Intervencionismo asfixiante, también en patios y teatros

La libertad que la inmersión lingüística o la ley antifumadores cercenan no se recuperaría porque dichas normativas concedieran, a modo de excepción, permisos en el reducido ámbito de un patio escolar o en el de un escenario teatral.

La Generalidad catalana amenaza con multar a los responsables del musical Hair que se representa en un teatro de Barcelona por incumplir la Ley Antitabaco. Un colegio en Sitges ha puesto una señal en rojo en el expediente de un niño por no hablar en catalán en el patio durante el recreo. Estas son sólo dos recientes muestras de a qué delirantes extremos puede llegar el poder público en su liberticida obsesión por inmiscuirse en todos los ámbitos de la vida de los ciudadanos.

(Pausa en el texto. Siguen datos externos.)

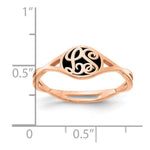 SS/Rose-plated Twisted Band with Epoxy Monogram Ring view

Si en el segundo caso esos extremos alcanzan la crueldad con un niño (que ha tenido que preguntar a su madre qué es lo que había hecho mal), en el primero, los políticos tratan a los adultos como a niños que estuvieran expuestos a peligros que, por sí solos, no pudiesen evitar. El director del musical ha tenido que explicar que lo que fuman los actores en el momento de interpretar a los hippies de los años 60 no es tabaco, sino una mezcla de maria luisa, albahaca y hojas de nogal. A pesar de esta explicación, que ya debería resultar innecesaria en una sociedad libre y adulta, el estúpido y liberticida fundamentalismo de la ministra de Sanidad, Leire Pajín, no ha cedido un ápice: "Igual que en teatro los crímenes no son reales, que simulen que fuman".

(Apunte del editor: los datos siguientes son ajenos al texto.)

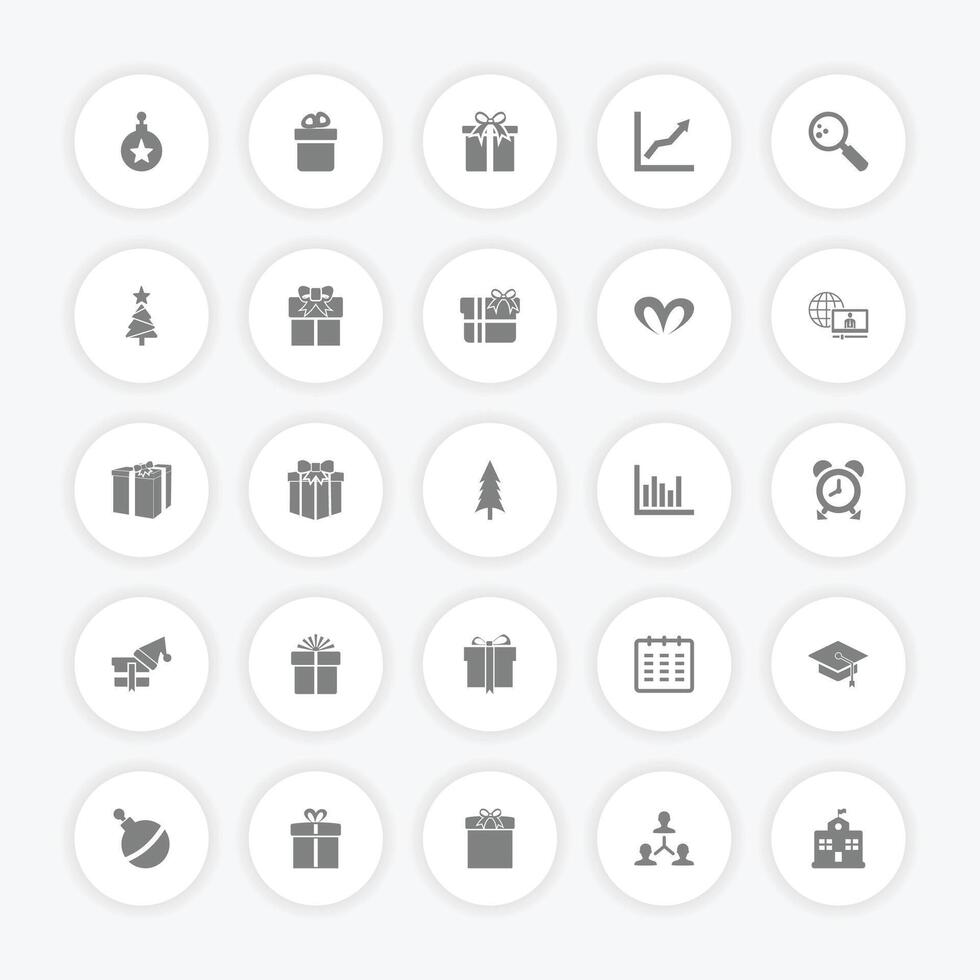 Collection of festive and business icons vector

Con todo, criticar estos delirantes extremos a los que llega el intervencionismo público sólo conlleva un riesgo: el pensar que, sin ellos, normativas como la que impone el catalán como una única lengua vehicular en Cataluña, o como la que prohíbe fumar en cualquier establecimiento privado abierto al público, sí podrían llegar a ser consideradas equilibradas o razonables. La libertad que ambas cercenan no se recuperaría porque dichas normativas concedieran, a modo de excepción, permisos en el reducido ámbito de un patio escolar o en el de un escenario teatral.

Se preguntaba hace dos siglos G.H. von Berg "¿cómo fijar limites concretos al poder supremo si se le asigna como objetivo una felicidad universal vagamente definida, cuya interpretación se confía al juicio de ese mismo poder? ¿Han de ser los gobernantes padres del pueblo, aun asumiendo el grave riesgo de que se conviertan también en sus déspotas?".

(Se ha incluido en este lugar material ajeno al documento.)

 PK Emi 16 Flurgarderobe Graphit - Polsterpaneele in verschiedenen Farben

Este paternalista o represor intervencionismo estatal ha terminado siendo, efectivamente, despótico, desde el mismo momento en que el poder público no ya sólo se arroga competencias en la felicidad de los ciudadanos, sino que también pretende "normalizar" sus usos lingüisticos, preservar su salud, dictaminar su sensibilidad ante determinados espectáculos o legislar su memoria histórica. No hay que extrañarse de que la gente termine así viendo en la "ley", no la salvaguarda de su libertad, sino su principal foco de agresión.